Thursday, February 23, 2012

Do you accept Shane MacGowan as your personal savior?

Well, yes. Here's an example of the artistic spirit that can be fostered as people do what they will do. One can enjoy some wine, hang out at a pub, and be not an aggressive bullying prick but a musician forwarding a venerable traditional culture.

I finally went out and did it. I bought a decent amp for my acoustic. I got a microphone, one of those internet deals, a very decent Shure SM58 complete with cord and microphone stand for a hundred bucks. And now, no longer testing out the confines of the backyard in the middle of the night, my attempts at music reverberating off of brick walls, hoping not to be called out by an angry sleepy neighbor (which has happened), trying to hear how I sound, now I have a way to hear myself, which is enormously beneficial as far as staying in pitch when you sing.

And, come to find out, going through my Pogues song list, I don't sound half bad, which amazes me, as I had the opinion that I couldn't really sing all that well. Of course, it's a matter of finding the range your comfortable with, and pleasantly, for me anyway, my range isn't that far off from Mr. MacGowan's. And maybe it has something to do with the nature of the music played by The Pogues, which is basically traditional Irish. It's a music of the people, a folk music. It's not meant to be fancy or overproduced. You grab an instrument and you play, and probably pretty much anyone with half a mind for it can come up with something.

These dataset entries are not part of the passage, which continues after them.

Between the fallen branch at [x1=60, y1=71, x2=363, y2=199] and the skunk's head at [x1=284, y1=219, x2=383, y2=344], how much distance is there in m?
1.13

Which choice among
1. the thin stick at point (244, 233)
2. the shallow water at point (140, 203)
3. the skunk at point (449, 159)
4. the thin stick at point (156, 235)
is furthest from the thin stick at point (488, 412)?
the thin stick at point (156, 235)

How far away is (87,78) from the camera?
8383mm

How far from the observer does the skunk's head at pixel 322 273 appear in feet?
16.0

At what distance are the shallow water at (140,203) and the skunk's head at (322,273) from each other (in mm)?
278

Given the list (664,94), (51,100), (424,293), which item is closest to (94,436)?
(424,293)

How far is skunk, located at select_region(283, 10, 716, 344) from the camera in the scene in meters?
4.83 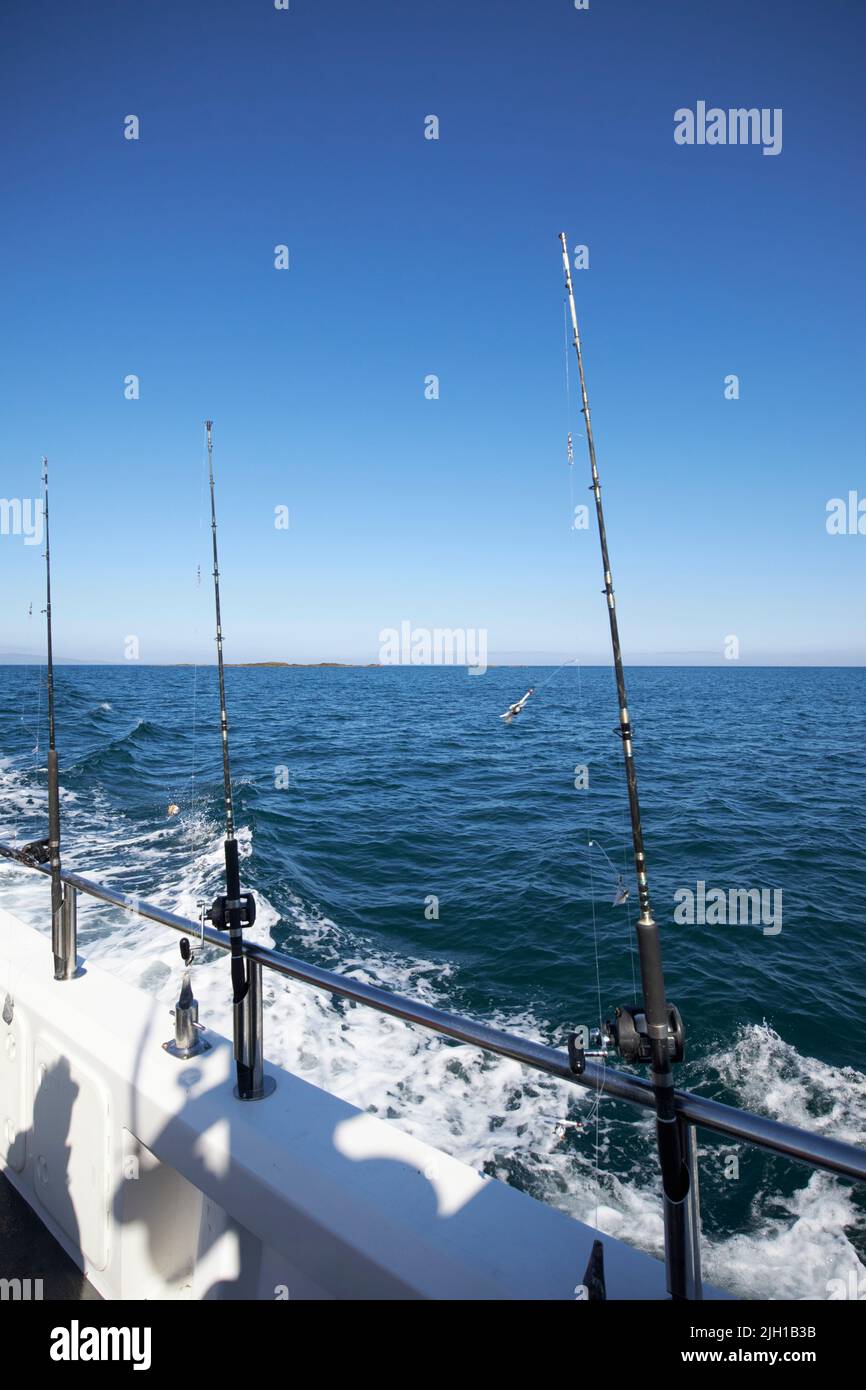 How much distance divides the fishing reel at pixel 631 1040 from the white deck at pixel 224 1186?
635 millimetres

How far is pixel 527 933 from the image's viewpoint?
10.1 meters

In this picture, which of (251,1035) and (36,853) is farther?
(36,853)

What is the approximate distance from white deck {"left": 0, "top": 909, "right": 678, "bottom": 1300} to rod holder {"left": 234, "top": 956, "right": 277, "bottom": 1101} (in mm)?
69

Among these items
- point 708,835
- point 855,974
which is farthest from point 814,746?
point 855,974

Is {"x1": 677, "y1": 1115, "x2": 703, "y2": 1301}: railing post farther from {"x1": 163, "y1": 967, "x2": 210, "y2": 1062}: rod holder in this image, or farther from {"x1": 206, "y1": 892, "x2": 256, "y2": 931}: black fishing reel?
{"x1": 163, "y1": 967, "x2": 210, "y2": 1062}: rod holder

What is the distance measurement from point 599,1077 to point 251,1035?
1.56 metres

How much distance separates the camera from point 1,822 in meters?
13.9

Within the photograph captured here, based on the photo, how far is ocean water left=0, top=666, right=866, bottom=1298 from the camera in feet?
19.1

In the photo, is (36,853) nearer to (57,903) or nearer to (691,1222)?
(57,903)
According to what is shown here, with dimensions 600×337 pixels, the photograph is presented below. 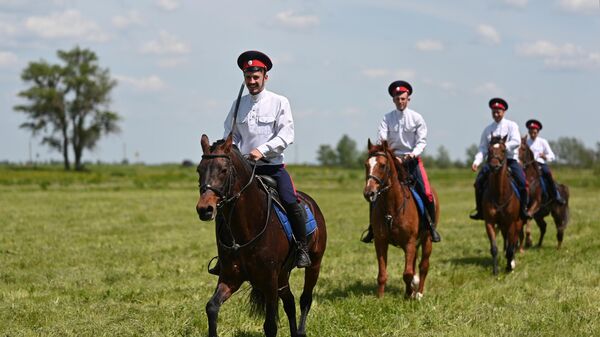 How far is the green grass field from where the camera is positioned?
930 centimetres

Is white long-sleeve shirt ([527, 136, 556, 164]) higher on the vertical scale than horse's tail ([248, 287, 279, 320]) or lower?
higher

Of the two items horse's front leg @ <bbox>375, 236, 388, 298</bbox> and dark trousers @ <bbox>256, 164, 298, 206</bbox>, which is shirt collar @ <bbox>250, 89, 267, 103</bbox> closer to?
dark trousers @ <bbox>256, 164, 298, 206</bbox>

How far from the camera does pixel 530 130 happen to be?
20078mm

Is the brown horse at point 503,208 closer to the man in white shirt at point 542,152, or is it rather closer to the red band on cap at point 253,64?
the man in white shirt at point 542,152

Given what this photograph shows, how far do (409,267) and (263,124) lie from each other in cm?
449

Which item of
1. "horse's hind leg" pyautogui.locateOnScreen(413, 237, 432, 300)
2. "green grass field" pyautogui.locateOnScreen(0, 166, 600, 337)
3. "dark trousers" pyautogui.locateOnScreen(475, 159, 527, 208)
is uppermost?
"dark trousers" pyautogui.locateOnScreen(475, 159, 527, 208)

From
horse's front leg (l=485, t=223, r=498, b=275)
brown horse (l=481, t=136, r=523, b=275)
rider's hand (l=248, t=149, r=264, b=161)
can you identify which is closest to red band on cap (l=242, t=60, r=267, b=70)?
rider's hand (l=248, t=149, r=264, b=161)

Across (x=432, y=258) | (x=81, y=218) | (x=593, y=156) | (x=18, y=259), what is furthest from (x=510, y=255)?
(x=593, y=156)

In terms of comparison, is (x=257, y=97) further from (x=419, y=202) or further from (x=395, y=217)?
(x=419, y=202)

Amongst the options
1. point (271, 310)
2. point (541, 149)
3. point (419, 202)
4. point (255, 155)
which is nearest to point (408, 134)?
point (419, 202)

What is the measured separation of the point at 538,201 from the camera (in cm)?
1814

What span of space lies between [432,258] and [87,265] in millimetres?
7385

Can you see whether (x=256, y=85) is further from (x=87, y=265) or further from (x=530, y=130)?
(x=530, y=130)

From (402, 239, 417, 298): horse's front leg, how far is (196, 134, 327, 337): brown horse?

We don't, I think, get to pick out our talents and what we're exactly good at. But a love of something, a form of art, a way of making it, can lead us to try it ourselves. We might find out we're not Chekhov when we sit down and try to write our own story, but then again, the main thing could well be just letting it happen, if it is something you're given to do.

And so for years and years, I loved that music. Timidly, I started to play it. "Well," I thought, "I'm not harming anyone. It's within my rights to try and practice..." Okay, the cat doesn't like it, and runs from her sleepy chair to a hiding spot in the bedroom. Okay, maybe not at 4 AM in full volume, the lawyer, every bit a lawyer, comes out on his deck, 'stop.' Okay.

Give yourself a shot at it. Try it out. Have a little fun, and you may end up surprising yourself at the level of quality.

And so, a guy who has a beer, as one does in college, gets a little creative. Tries writing, tries poetry, and somewhere deep inside, the gut instinct, the desire to play music, Irish music fused with rock n roll.

But.. "Are you mad? Look at MacGowan, and what's he's done to himself. It wasn't just wine and beer and pot. It was acid. It was, quite regrettably, heroin too. Okay, that is true. He wears the years of abuse of a musician on the road.

On the other hand, you might say he has been prescient about the crisis young people in Europe, in London, in Spain, in Greece, in Italy, are facing, having not been left with much and not much in the way of opportunity. It's a situation that brings to mind a number of Pogues songs. "So thanks for sweet f*** all..." Indeed, his music offers a refuge from shallow consumerist materialism in favor of embracing solid and grounded human emotion.

People will be people. They will drink wine and dance and make love and find pastimes to relax themselves. As with everything, it's the attitude they bring to it, good or bad.